### INSTRUCTIONS TO FOLLOW
Reproduce exactly the lines from the one that holds "Toyota Noah 2002" through the last line of the entries, both ends included, but not the pictures.

### Short descriptive text snippets
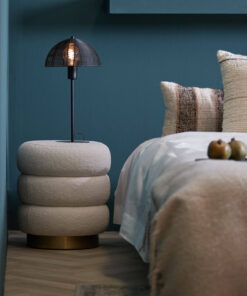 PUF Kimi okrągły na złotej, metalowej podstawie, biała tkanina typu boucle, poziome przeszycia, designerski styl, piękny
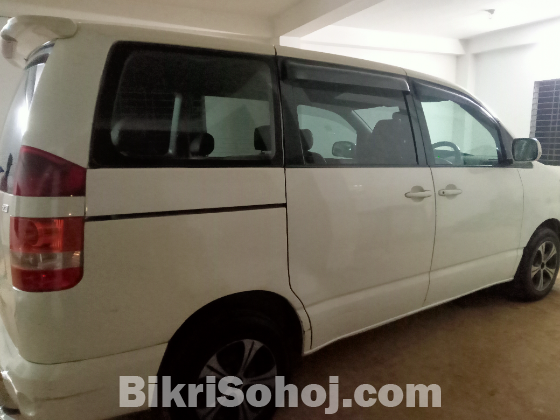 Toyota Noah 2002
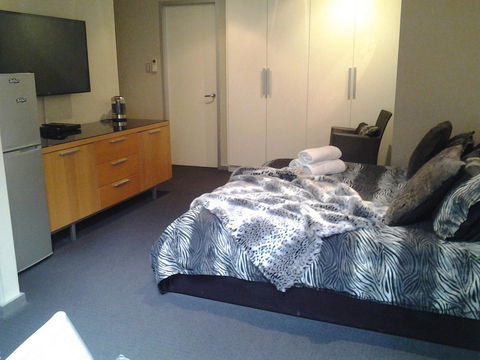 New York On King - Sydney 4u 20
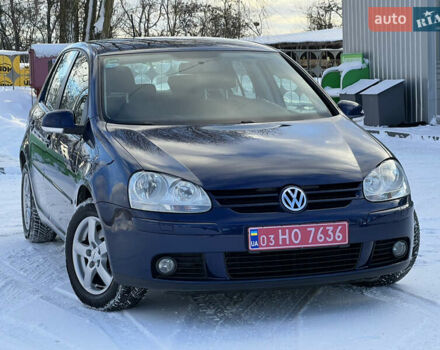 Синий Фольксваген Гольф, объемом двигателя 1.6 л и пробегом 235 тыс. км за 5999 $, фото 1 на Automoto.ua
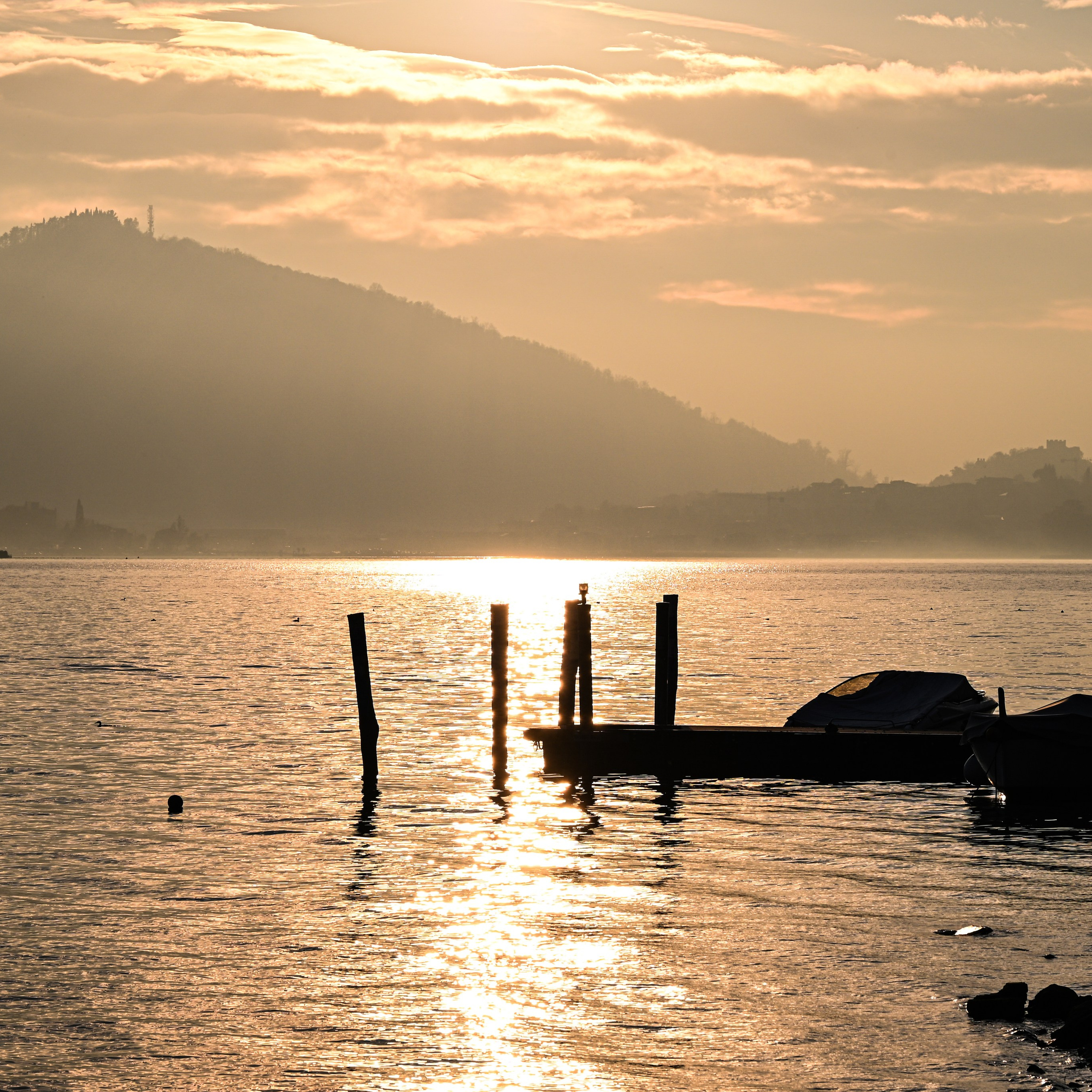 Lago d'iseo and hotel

### WRITTEN RESPONSE
 Toyota Noah 2002
 New York On King - Sydney 4u 20
 Синий Фольксваген Гольф, объемом двигателя 1.6 л и пробегом 235 тыс. км за 5999 $, фото 1 на Automoto.ua
 Lago d'iseo and hotel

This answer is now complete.